Trash stopped being a problem and started being a process. The city didn’t eliminate waste; it metabolized it. “Boston learned to digest,” one urban ecologist told me, standing next to what used to be a landfill and is now a public orchard. The apples are excellent, if a little philosophical.



The Rise of the Algae Commute


Transportation was harder. Bostonians love their cars almost as much as they hate traffic, which is to say: intensely, and with resentment.


The breakthrough came not from banning cars outright, but from making bikes irresistible. Algal-fueled cycling lanes—thin, translucent tracks embedded with living algae—began appearing along major routes. The algae produced small but steady amounts of energy, enough to power lights, signals, and subtle assist motors in shared bikes.


Cycling stopped being sweaty heroism and became smooth, luminous, and faintly sci-fi. Commuters pedaled through softly glowing lanes at dawn, their energy coming from sunlight captured by pond scum. It was hard to argue with that.



Sky Gardens and Accidental Community: An Urban Photosynthesis


Boston’s famous verticality finally made sense once the sky gardens arrived.

High-rises were retrofitted with open-air garden bands every few floors—shared spaces of trees, benches, and wind-tolerant flowers. At first, developers pitched them as amenities. What they became were social glue.


People met their neighbors while pruning blueberries at the 14th floor. Kids learned that strawberries don’t originate in plastic clamshells. Office workers took meetings among bees and forgot, briefly, to check their phones.


The city found that when you put nature in the way of people, they slow down. Sometimes they even talk.



Buildings That Grew Up


The most controversial change—because this is Boston, and there must always be one—was treehouse-grown architecture.


Instead of clearing land and then building, new structures were designed to grow alongside living trees. Engineered supports wrapped around trunks. Floors adjusted as trees thickened. Buildings didn’t dominate the landscape; they negotiated with it.

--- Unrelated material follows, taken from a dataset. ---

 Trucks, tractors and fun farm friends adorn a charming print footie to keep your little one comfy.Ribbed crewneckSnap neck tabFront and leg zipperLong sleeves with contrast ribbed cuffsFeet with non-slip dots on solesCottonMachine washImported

Critics worried about safety, predictability, and whether this all felt a bit too whimsical for a city that once measured itself in bricks and centuries. Then the buildings started outperforming expectations—cooler, more resilient, shockingly beautiful.


It turns out trees are excellent structural partners if you let them be.



The Forests Move In


Urban forests were the final piece, and the most transformative. Not parks, not decorative trees, but real, dense, messy forests threaded through neighborhoods.


They reduced heat, filtered air, absorbed floodwater, and gave wildlife a foothold in the city. Foxes became commuters. Owls took up residence near Fenway. The soundscape shifted—from sirens to wind.

Property values rose, predictably. The city responded, uncharacteristically wisely, with protections to keep long-term residents in place. The future, Boston decided, had to be shared.



A City That Learned to Breathe


Boston didn’t become perfect. It’s still loud. Still opinionated. Still convinced it could have done this better and earlier if anyone had listened.

But it learned something essential: cities don’t have to fight nature to function. They can collaborate.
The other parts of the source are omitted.